TASK ITEM — Leave the pictures behind and reproduce every line of the listing exactly.

EXERCISE DATA —
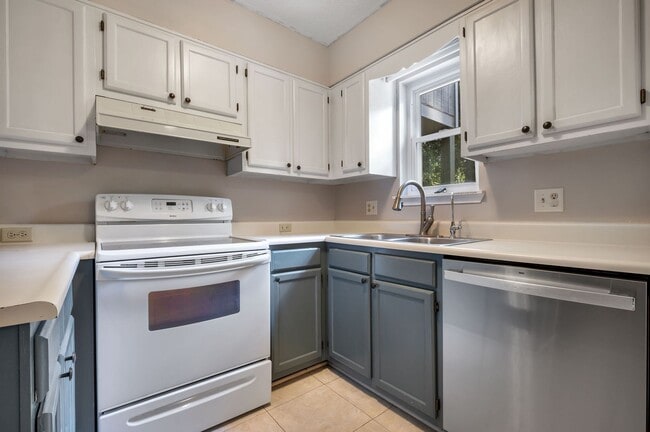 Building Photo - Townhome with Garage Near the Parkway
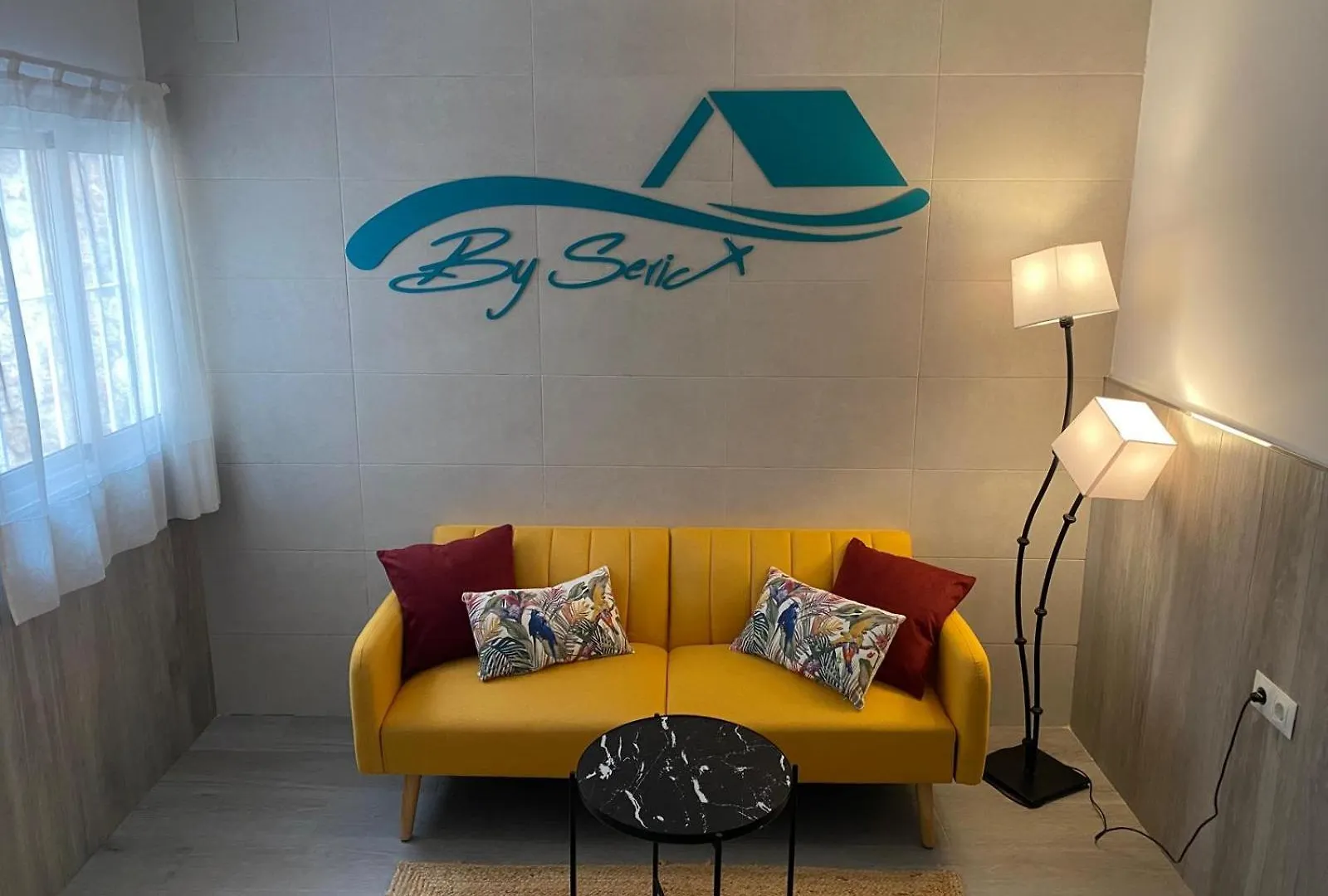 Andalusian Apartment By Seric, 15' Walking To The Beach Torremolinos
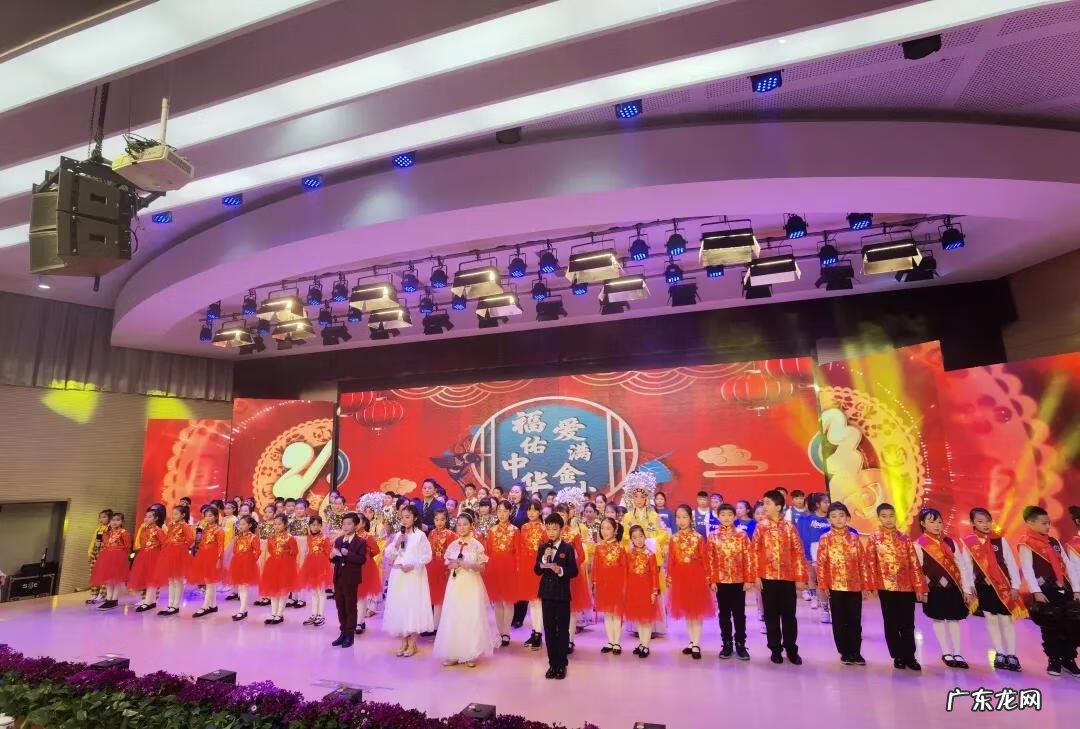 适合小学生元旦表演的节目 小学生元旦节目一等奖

SOLUTION TO THIS TASK —
 Building Photo - Townhome with Garage Near the Parkway
 Andalusian Apartment By Seric, 15' Walking To The Beach Torremolinos
 适合小学生元旦表演的节目 小学生元旦节目一等奖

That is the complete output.